Hoofdstuk 4
Achter in de gang stopt ze met lopen en bots ik bijna tegen haar op. 'Dit is jouw kamer.' Zegt het meisje en ze wijst naar een deur. 'Hiernaast zit de badkamer voor de meisjes. het slot is wel kapot maar daar komt binnenkort een monteur voor.' Ze doet de deur van de badkamer een beetje open en ik kijk met een snelle blik de badkamer in. 'Op deze verdieping slapen alle meisjes, en op de begane grond de jongens. Daar heb je ook de woonkamer en een grote keuken. De jongens hebben ook hun eigen badkamer maar die van ons is veel mooier.' Zegt het meisje trots en ze lacht. Ik lach terug. 'Ik ben trouwens Abby.' En ze steekt haar hand naar me uit. 'Ik heet Esmee.' En ik schud haar hand. 'Nou Esmee, ik zit dus tegenover je, je kan altijd bij me terecht als er iets is.'
'Dankjewel!' Ik glimlach en dan loopt Abby haar kamer in. Ik draai me om en staar naar de deur. Mijn deur. Ik pak een andere sleutel van de bos en draai de deur van het slot. Als ik mijn kamer in loop zie ik een twijfelaar bed, een bureau en een kledingkast staan. De kamer is klein maar knus. Ik leg mijn koffer op het bed en begin met uitpakken.

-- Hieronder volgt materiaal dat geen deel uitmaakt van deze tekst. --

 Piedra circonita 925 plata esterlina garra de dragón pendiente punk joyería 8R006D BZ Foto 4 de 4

Een paar uur later heb ik mijn kleding netjes opgevouwen en opgehangen in de kast. De kamer heb ik leuk ingericht met schilderijtjes, kussentjes en kleedjes.
Ik heb honger gekregen na al dat uitpakken en ik heb vanochtend tijdens mijn metrorit gezien dat er hier in de buurt een McDonald's zit. Mijn guilty pleasure. Ik pak mijn portemonnee van het bureau en draai de deur achter me op slot. Zal ik Abby vragen of ze ook gezellig mee gaat? En voordat ik het weet klop ik op haar deur. De deur vliegt met een ruk open en ik schrik ervan. 'Hey Esmee.'
'Hey, heb je misschien zin om mee naar de McDonald's te gaan?' Vraag ik zacht. 'Ja graag ik barst van de honger.' Zegt ze vrolijk. Ze trekt snel haar laarsjes aan en we lopen naar de trap, de deur uit richting de McDonald's.

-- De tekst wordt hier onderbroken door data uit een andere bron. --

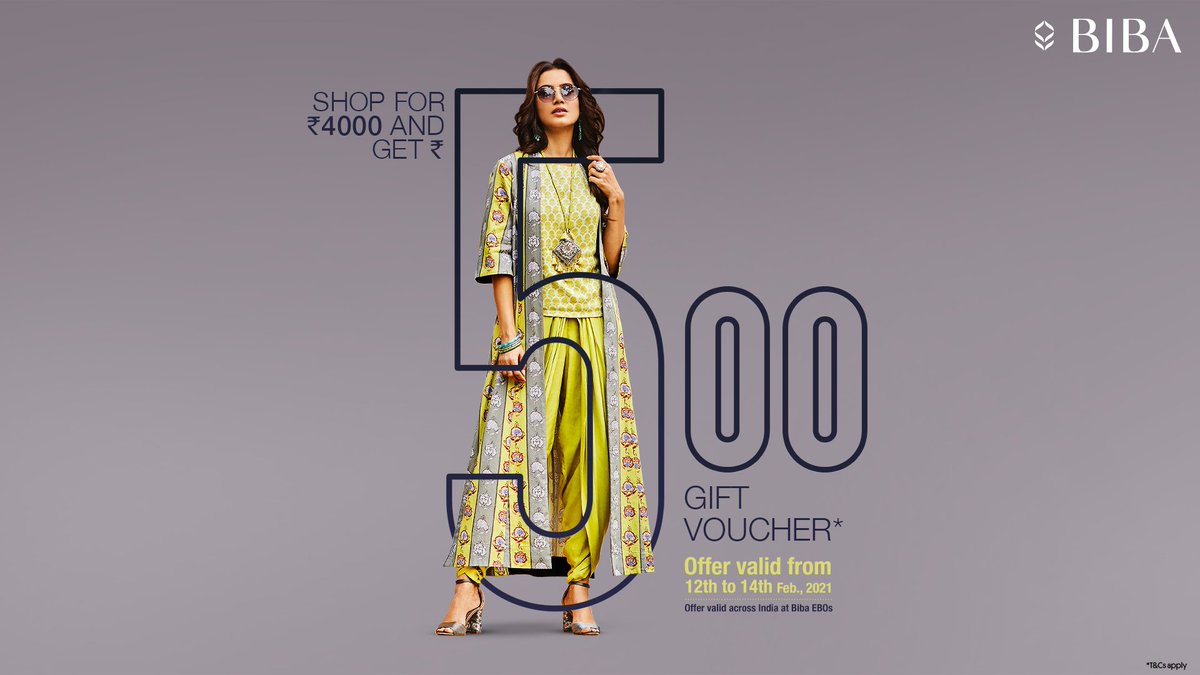 Still thinking of the perfect #ValentineDay plan?
We've got just the thing in store for you!
Shop at your nearest #Biba store* for Rs.Β 4000 and get a Rs. 500 gift voucher.Β
*Offer valid across India at Biba stores. https://t.co/JXFfphvuKA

We lopen de McDonald's binnen en bestellen allebei een heel menu zo'n trek hebben we. Als we aan tafel zitten eet ik mijn kipnuggets gulzig op. Abby neemt een hap van haar hamburger en vraagt met volle mond : 'En, heb je al leuke mensen ontmoet?'
'Vanochtend in de metro heb ik een jongen ontmoet, of nou ja ontmoet, we hebben heel kort gepraat. Ik weet zijn naam niet en of ik hem ooit nog zal zien.' Abby moet lachen. 'Ik weet zeker dat je hem ooit nog wel eens tegen gaat komen. Jullie zaten toch in dezelfde metro?'
Zo had ik er eigenlijk nog helemaal niet over na gedacht. Op dat moment komt er een groep jongens binnen. Abby en ik draaien tegelijk ons hoofd om en kijken naar de groep. Ik hoop met heel mijn hart dat de jongen van de metro ertussen loopt.